Though I didn’t mean to, I ignored his professionally sagacious advice.
And here I am, subjected to share a room with three other squirming patients who lament over their forced transit to this murky corridor, nestled somewhere along the tedious journey towards their physical freedom. Here I am, being submitted to some biomedical appliances, forced to drink a glass of water every hour…

After having a dose of prescribed drug I thought I would be able to catch a wink. A burning feeling kept me constantly awake. After several vain attempts to alert the nurse by pressing the buzzer for help, my irascible mind gave me an irrevocable urge to reach for the emergency button. It worked.

I had three nurses, instead of one, rushing to the ward, where I lay restless.

I said, “I am in terrible pain. I need to have something to sleep.”

“Silly you! Why should you press the emergency button for that?”

“Because I tried the buzzer a number of times and I thought it was inactive. I am sorry,” I confessed.

“It has probably been turned off… Shortage of nurses you know.”

“Shortage of nurses alright. But I have just seen three of you dashing to the scene.”
“Shh…” Hushed the nurse, a Finnish looking tall blonde.

I was silly indeed. Why the bickering? What I heard just now when I sought temporary solace to my brimming physical distress were the resentments of my own conviction. In a sense, she was right. It was unrealistic of me to expect too much from a nurse. She may be offering only what she is paid for. My stupidity, rather my lofty expectations of a nurse, of her noble and compassionate services, prompted me to ask for help at this fag end of the day. May be I had noticed the services of a few caring diligent nurses and pictured every nurse in the same frame. Whatever may be the case, I should bow low with awesome respect to their beatific career.

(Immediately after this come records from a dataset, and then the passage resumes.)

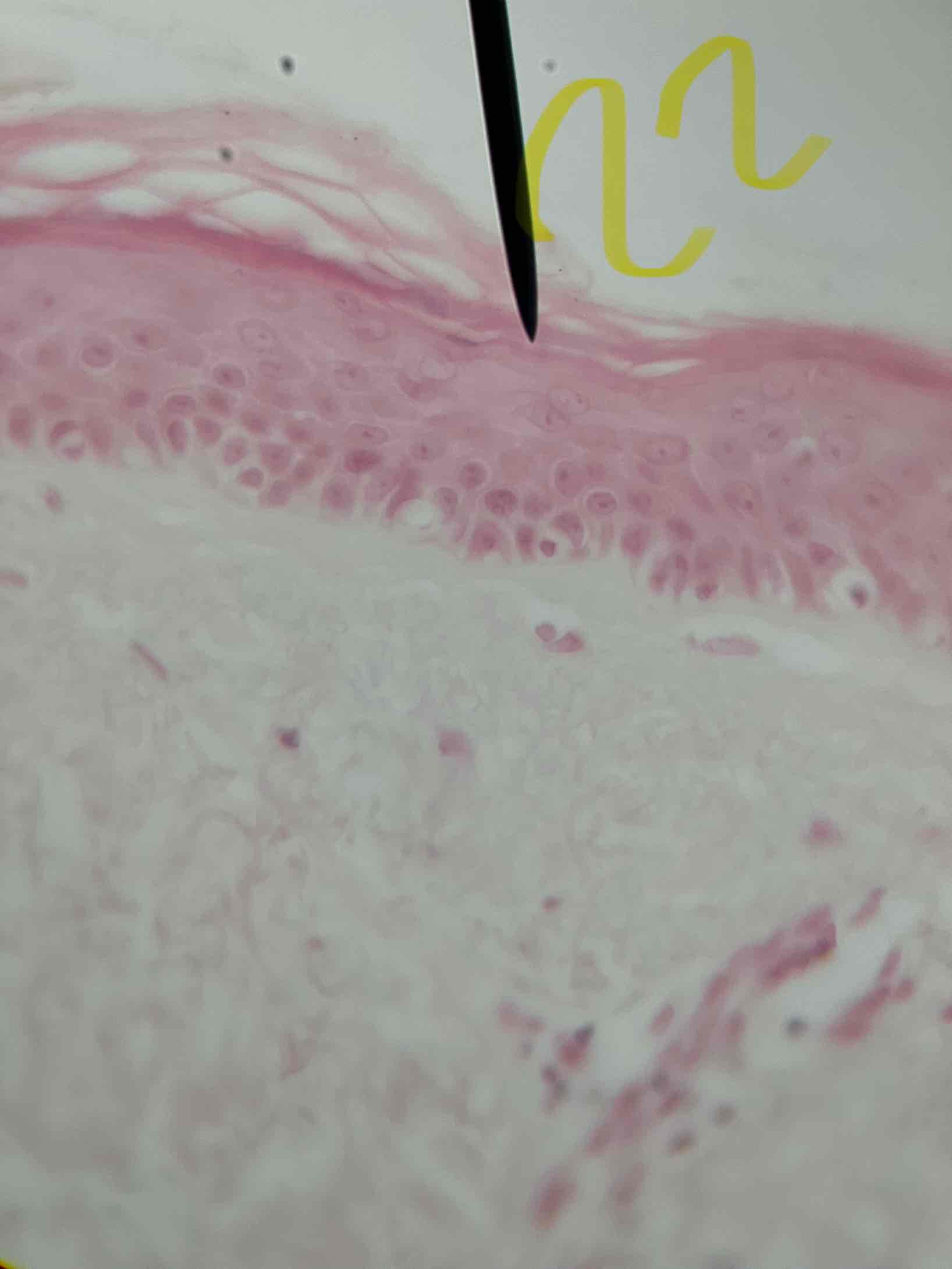 term image
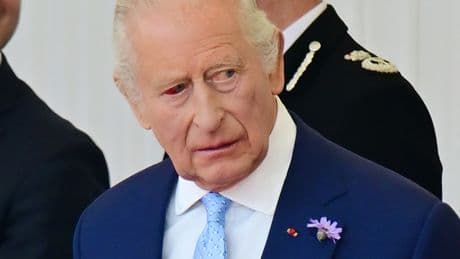 Palace explains King Charles’ worrying bloodshot eye during Macron’s state visit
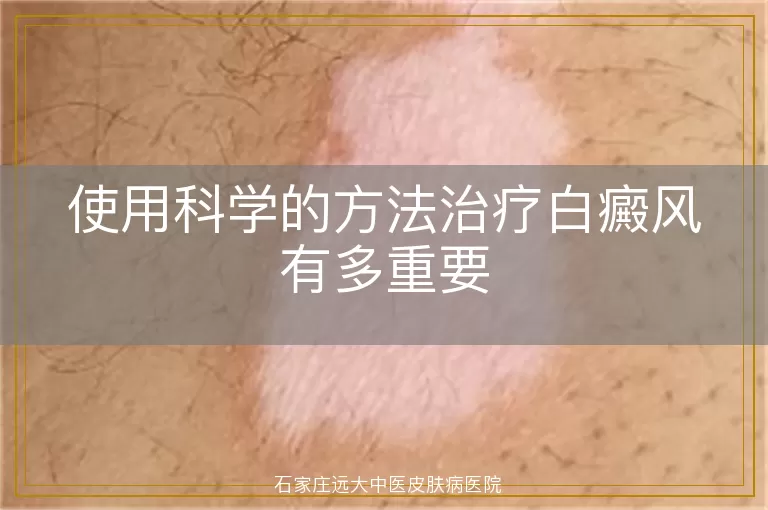 使用科学的方法治疗白癜风有多重要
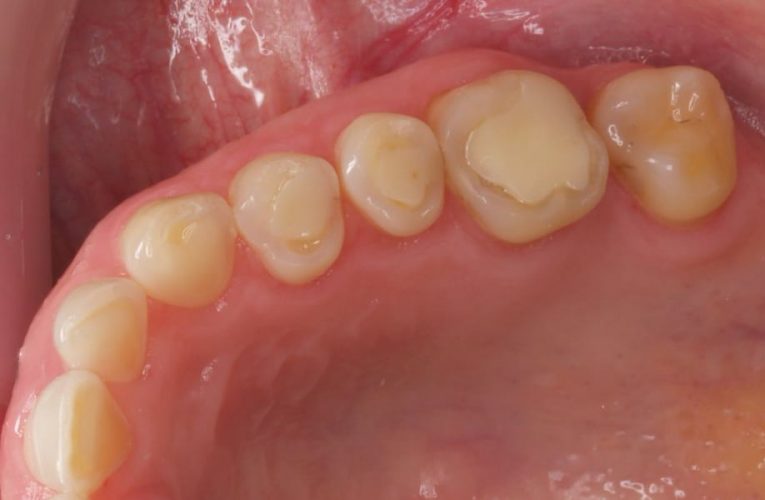 Ryc. 3. Uzębienie pacjentki, lat 26, z bulimią. Erozja wszystkich zębów szczęki.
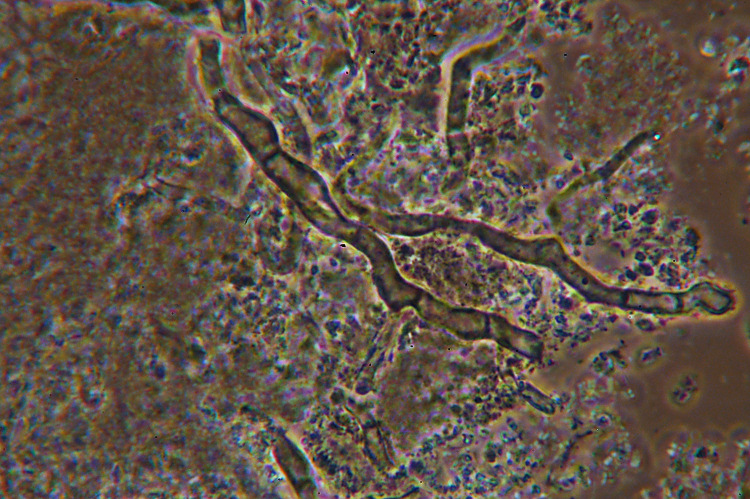Crosticina affiorante - foto 3379 (Byssomerulius corium?)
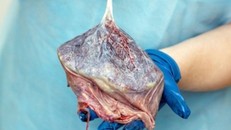 Thuốc làm từ thịt người, nhau thai người nguy hại thế nào?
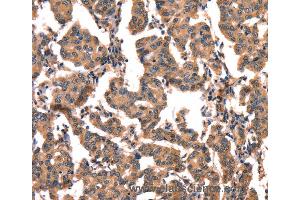 Immunohistochemistry of Human liver cancer using CGA Polyclonal Antibody at dilution of 1:65 (hCG 抗体)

Two Panadeine Forte tablets with a glass of cold water, and I dozed off…

Suddenly, someone woke me up. Shrill voice of a nurse.
“What you want, this time, Donna?” The nurse was too loud for that midnight silence of a hospital ward, which otherwise was only disturbed by the occasional snoring of the one who gulped a sleeping pill or two.

Donna too was desperate for help, seeking relief from the pangs of her wound. She was brought in last night after a Gallbladder operation.

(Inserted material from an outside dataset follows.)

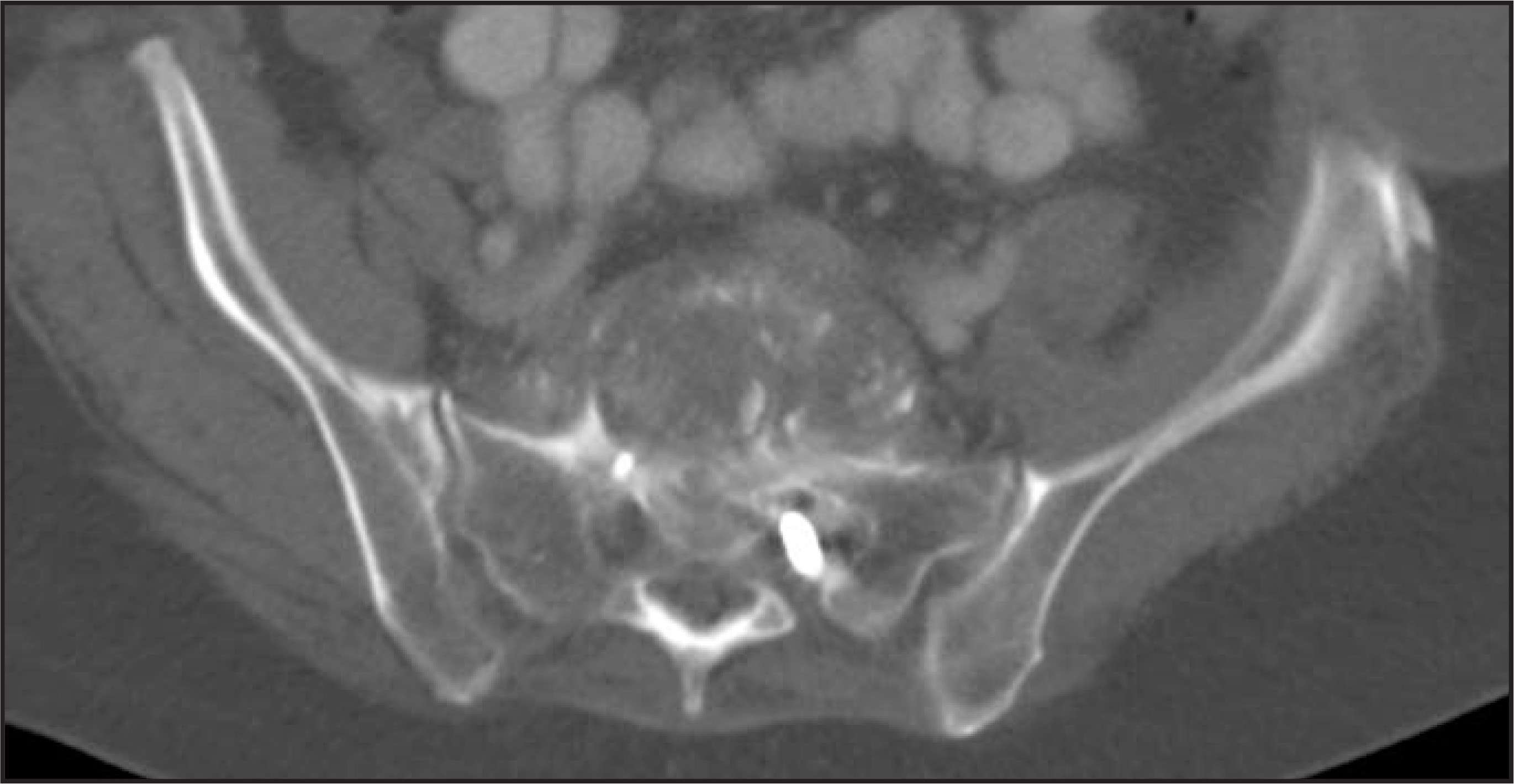 FIGURE 13.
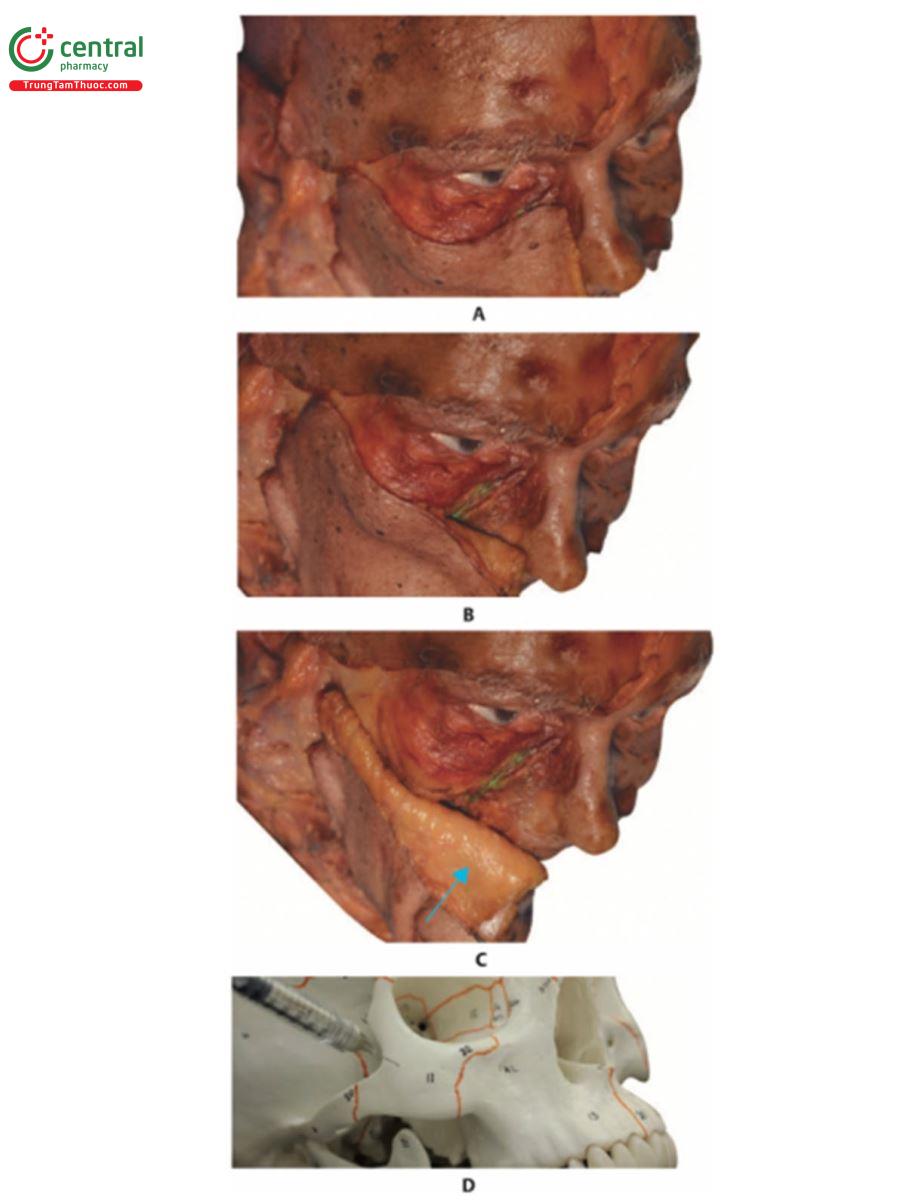 Hình 10.28 A. Bên phải khuôn mặt xác tươi bộc lộ phần mi mắt của cơ vòng mắt (OM). B. Da và lớp mỡ nông (SFP) bị gấp lại và OM lộ ra nhiều hơn về phía trong. C. Bên phải khuôn mặt xác tươi với da được gấp lại, để lộ SFP của 1/3 giữa khuôn mặt (mũi tên xanh). Toàn bộ OM (phần mí mắt và ổ mắt) có thể nhìn thấy được. D. Hình nghiêng giữa bên phải của hộp sọ với một ống tiêm cho thấy sử dụng ở mặt phẳng trên màng xương của xương gò má.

“Alright, I can give you a jab.” The nurse walked away to come back with a needle.

Faintly listening to the noisy steps of that high-heeled nurse, prodding my feeble fingers into my shabby face, I slipped off to sleep…

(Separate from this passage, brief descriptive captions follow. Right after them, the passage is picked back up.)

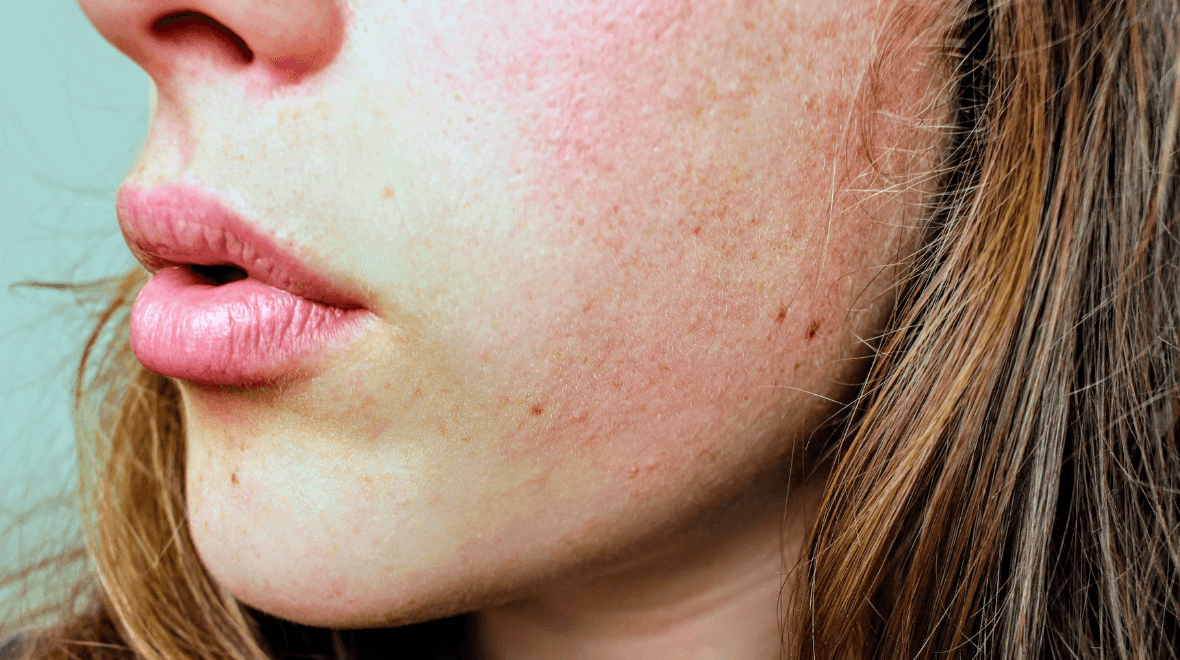 This is one of the top-selling moisturisers in Ireland and it’s perfect for redness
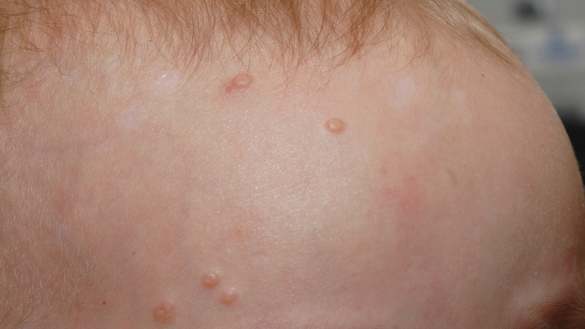 Molluskat (Molluscum contagiosum)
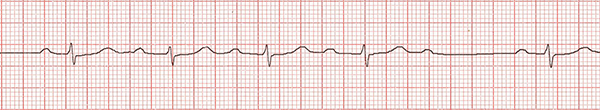 ECG 2nd AV block, Mobitz 1, narrow QRS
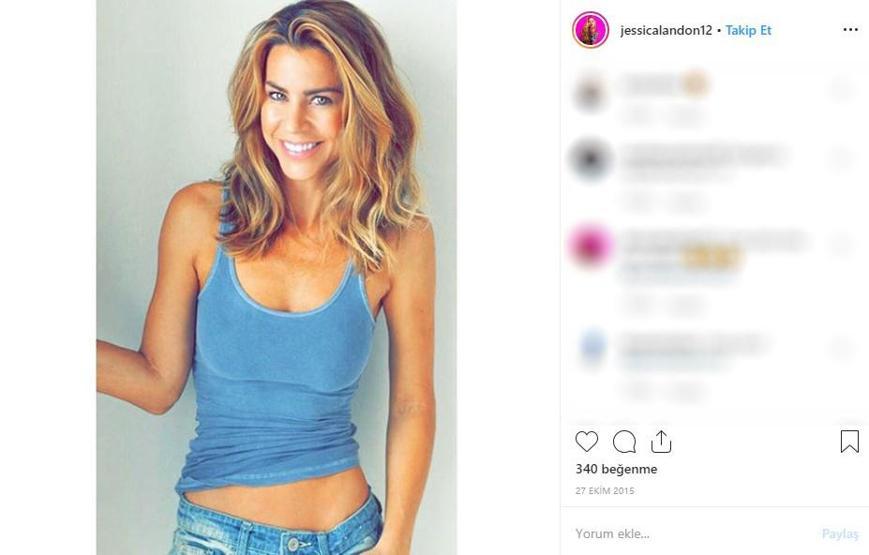 Hayatta istediği her şeye sahipti... Ünlü modelin cildi bu hale geldi, ölümden döndü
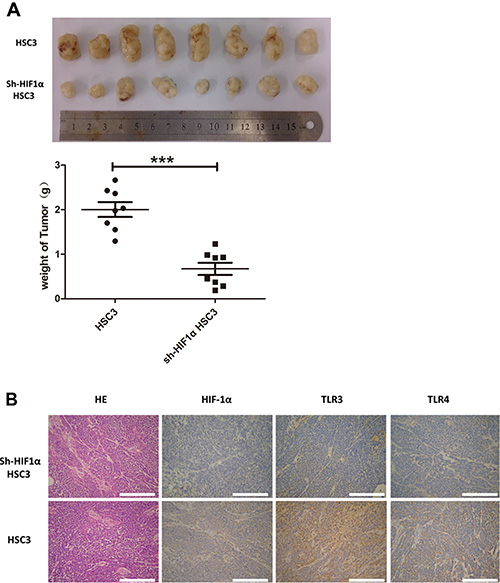 In vivo study of human OSCC using a transplantation model in nude mice.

I woke up again as though I was shaken up vigorously. In hospitals the wheels are never meant to stop. One patient walks away when another waits in agony to be trundled in. Squalling of an old man wriggling with excruciating pain shook us all up. I learned that he has been putting up with that endless pain for almost six weeks! As he has a history of very low blood pressure, anaesthetic medication was considered to be fatal. Neurologists and palliative specialists strained every nerve to abate his stabbing pain and restore to him some restful moments.

Holding my pain I tried to relax, looking around my hospital room which was kept immaculately with all the facilities one could ever ask for. I have no reason to squabble.

I found my eyes settling again on that pathetic sight, right at the opposite bed, a lamenting old man, lamely attempting to glance through a birthday greeting message received from his daughter residing in Canberra.

I don’t know whether that message means anything to him or if it will help to lift his ever sinking, palsied spirit. Looking at the profile of the victim crying for help, searching for something in his frail looking sullen face, I could find an indecipherable message. More and more I tried, more and more I failed to comprehend.

All that I could do was witness a tussle between hope and hopelessness…

A quotation I once read came clearly to my feeble mind: “I complained of not having shoes till I saw a man who did not have feet”.